Time Warner ( TWX) reported fourth-quarter earnings in line with Wall Street's expectations on Wednesday, but its shares lost ground as traders found a lack of positive surprises from the media giant. The company reported earnings of $1.75 billion, or 44 cents a share, for the quarter. That marked a 35% increase from the $1.3 billion, or 28 cents a share, it recorded for the year-ago period. A number of one-time items, like the sale of its AOL dial-up services in Europe and revenue gains from its newly acquired cable properties, boosted the results. Excluding special items, earnings were 23 cents a share, down from 24 cents a year ago, but in line with Wall Street's consensus estimate. The company guidance for 2007 earnings of $1 a share was also in line with expectations, but Time Warner shares recently were down 21 cents, or 1%, to $21.83. Miller Tabak analyst David Joyce says the market's reaction to the results reflected a "sell on the news" reaction from traders that were betting on an upside surprise from Time Warner. "People are looking at some short-term blips here and there, but I think this just gives us a good entry-point for investors with the longer-term view," says Joyce, who holds a buy rating on Time Warner shares with a $27 price target.
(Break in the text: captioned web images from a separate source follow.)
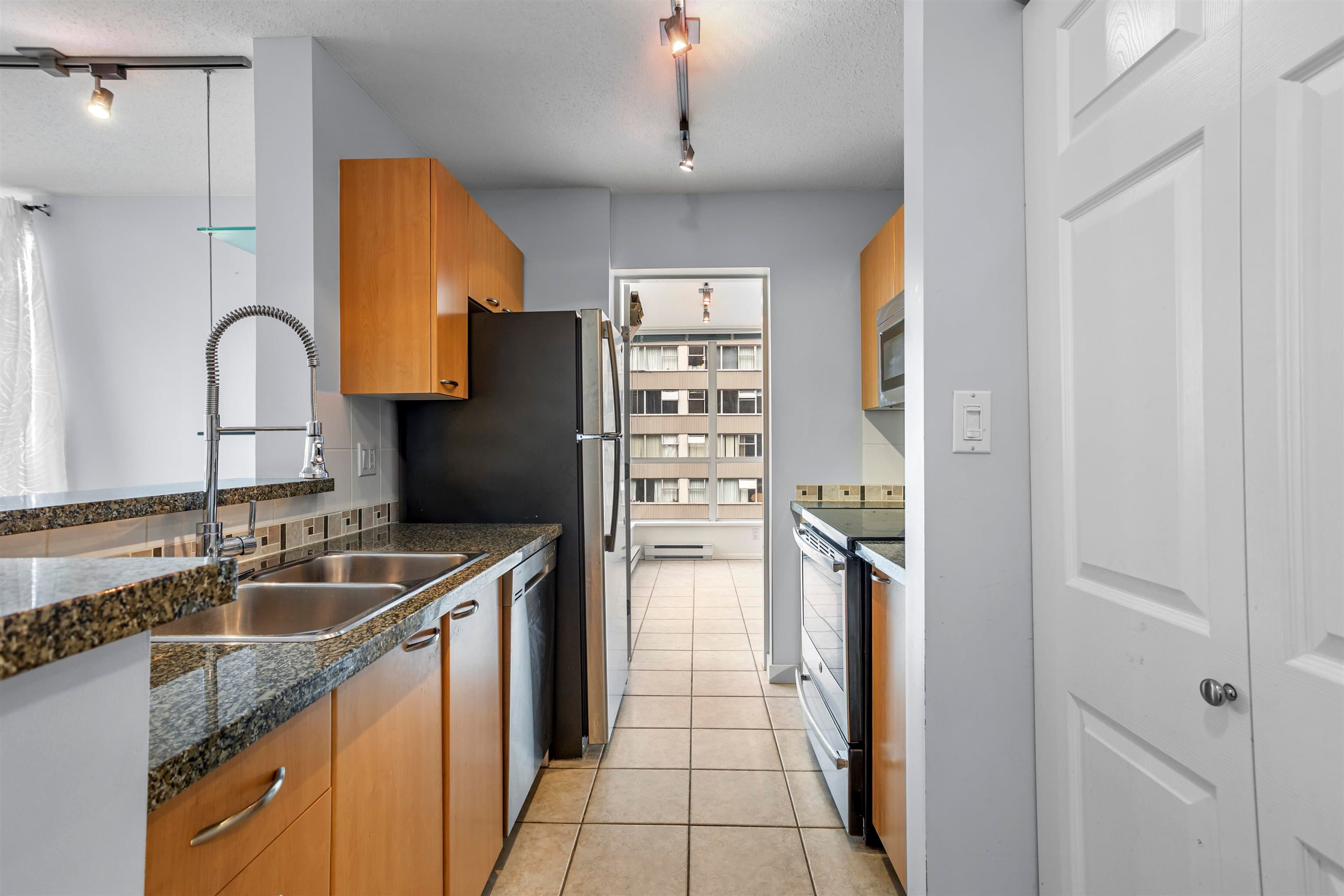 1506 - 1420 W Georgia Street, Vancouver, V6G 3K4 — photo 4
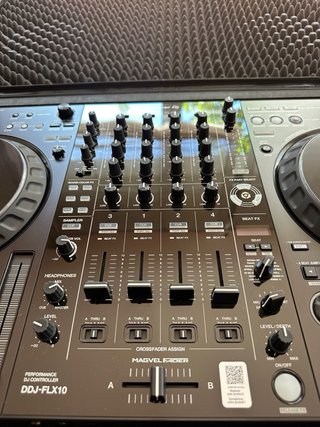 Controladora Pioneer DJ DDJ-FLX10 + Hardcase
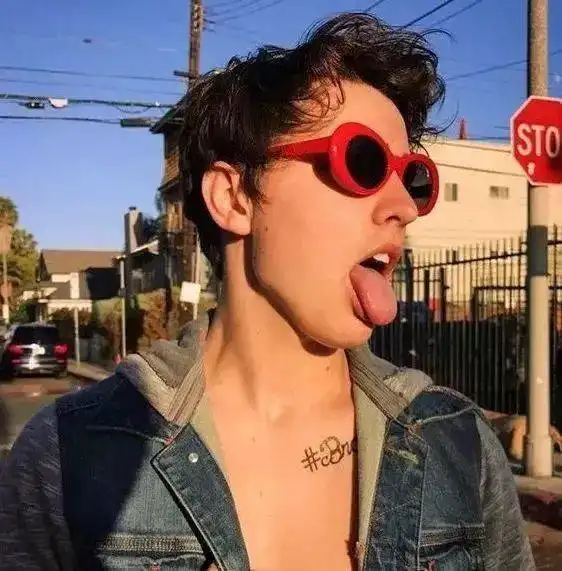 来一波欧美头像叭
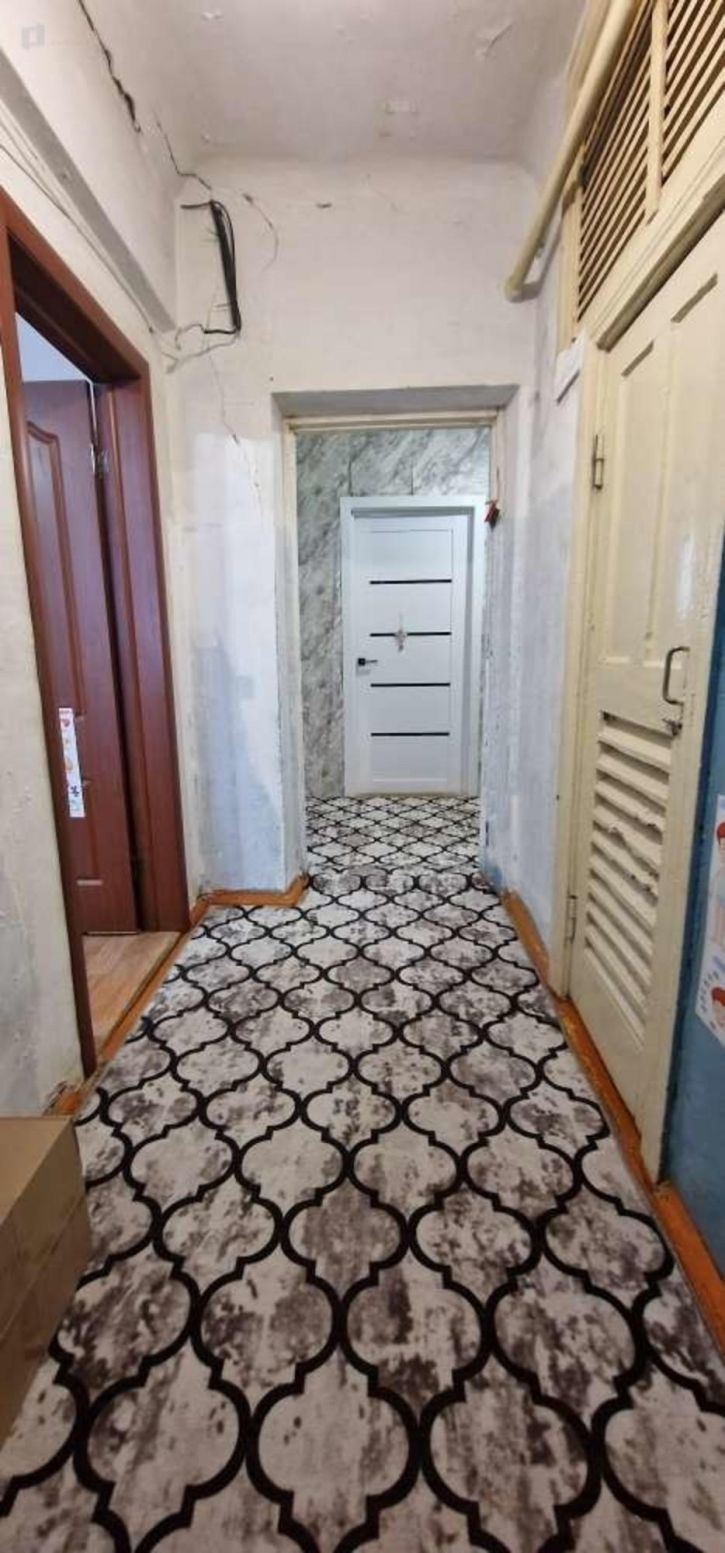3-комн квартира Калинина улица, 107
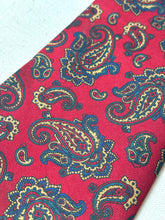 Charger l'image dans la galerie, Duo de cravates vintage Atkinsons / Charlot en laine et soie Made in England
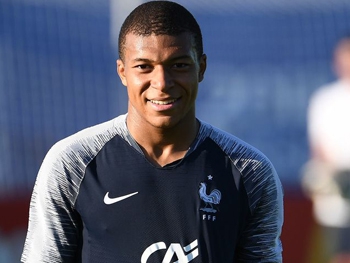 Футболист сборной Франции отказался от премиальных за ЧМ-2018 фото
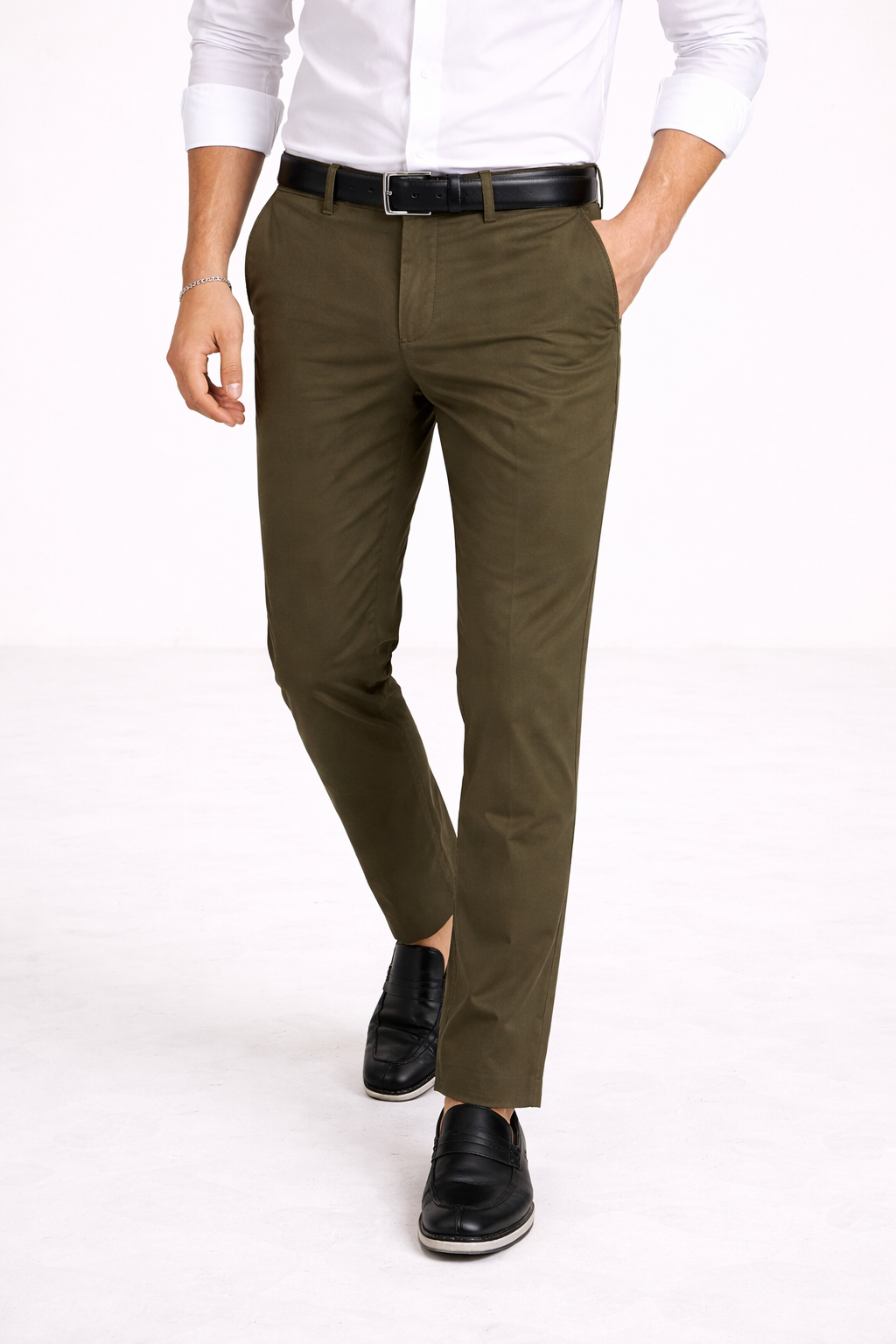 Rechte heren chino broek; stijlvol en comfortabel voor zowel casual als zakelijke gelegenheden. Essentiële mannenmode.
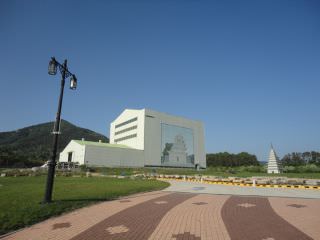 “国宝11号”的“弥勒寺址石塔”的复原工程在进行中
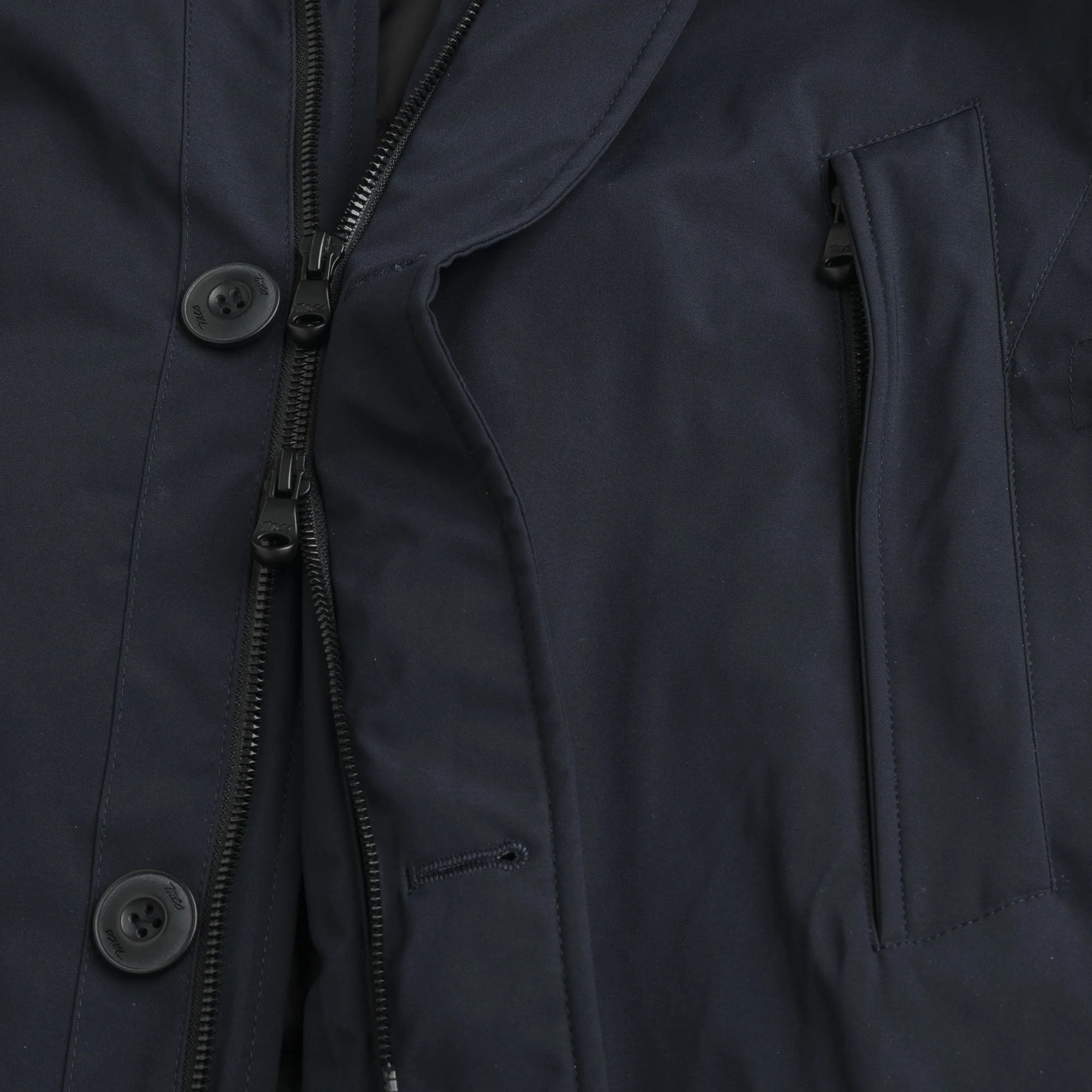 Giubbotto Softshell con Cappuccio Staccabile - Image 6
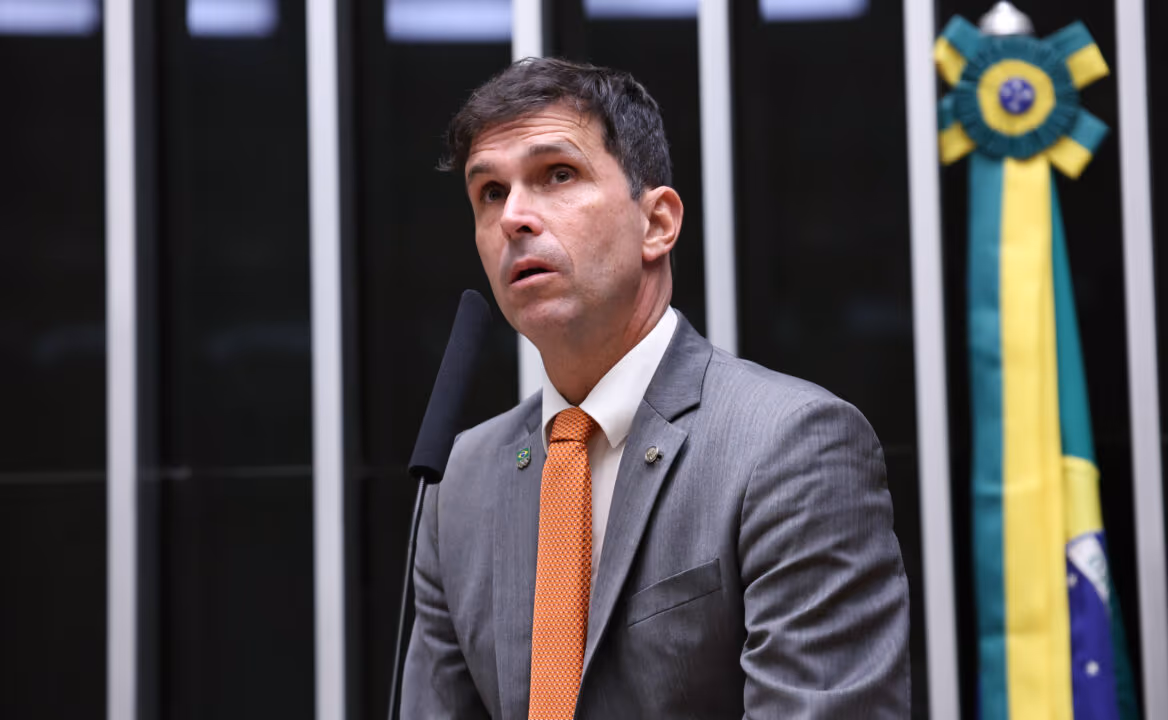 Deputado chama aprovação da PEC do fim da escala 6×1 de “irresponsável”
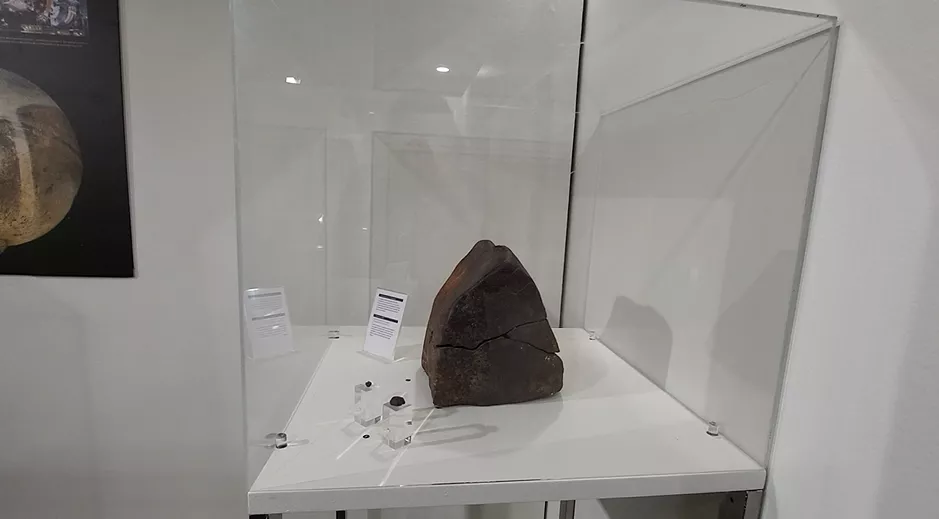 Piezas de la exposición del Planetario de Aragón.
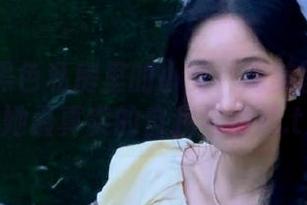 丽柜 - 黑色私房里的小戈：绝美图片记录下她最真实的自我与情感.txt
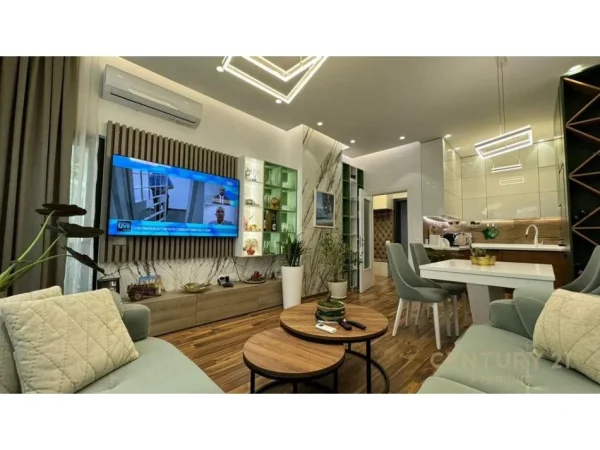 Tirane, jepet me qera apartament 1+1+Aneks+Ballkon Kati 2, 64 m² 800 € (Square 21)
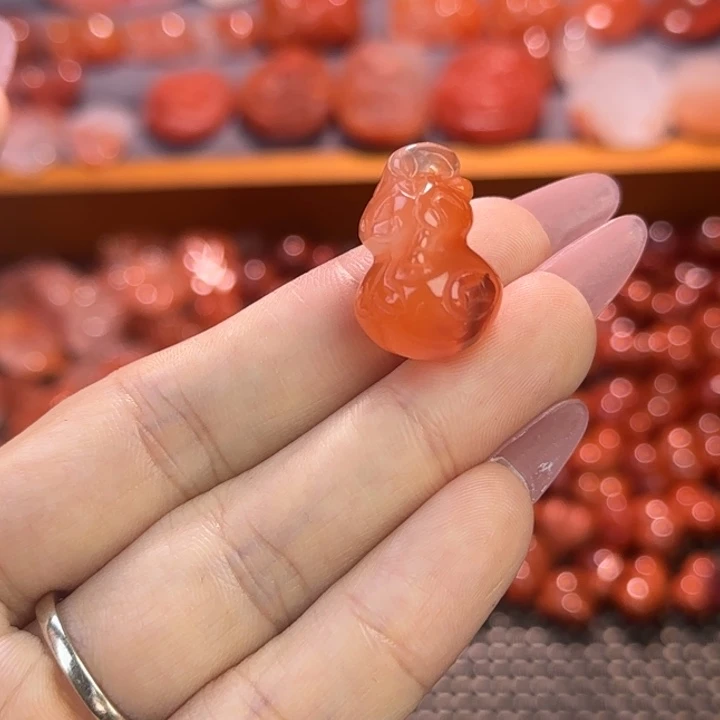 南红玛瑙未镶嵌牌子葫芦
He's also positive on shares of the company's cable unit, which is set to be spun off. "I like the prospects for cable," says Joyce. "There's a lot of margin expansion to come from integration and from starting to introduce the phone product in the Adelphia system, so we like their outlook there." The cable division shined in Time Warner's fourth quarter. Operating income at Time Warner Cable jumped 26% to $633 million and revenue rose 58% to $3.65 billion, driven by the acquisition of Adelphia assets and the success of its so-called Triple-Play offering that combines digital Internet, phone and cable TV services. It added 675,000 revenue generating units, or RGUs, in the fourth quarter of 2006. At the end of 2006, 6.2 million customers subscribed to two or more primary products. Triple Play subscriptions totaled 1.5 million. Time Warner Cable lost 23,000 basic video subscribers, hurt by losses in its newly acquired Dallas and Los Angeles systems. These losses were easily offset by the net addition of 246,000 digital video subscribers. Digital video subscribers totaled 7.3 million at the end of the quarter. Residential high-speed data subscriber net additions reached 246,000 in the fourth quarter, bringing total residential high-speed data subscribers at the end of the quarter to 6.6 million. Digital phone subscriber net additions were 211,000 in the fourth quarter. At the end of the quarter, digital phone subscribers totaled 1.9 million.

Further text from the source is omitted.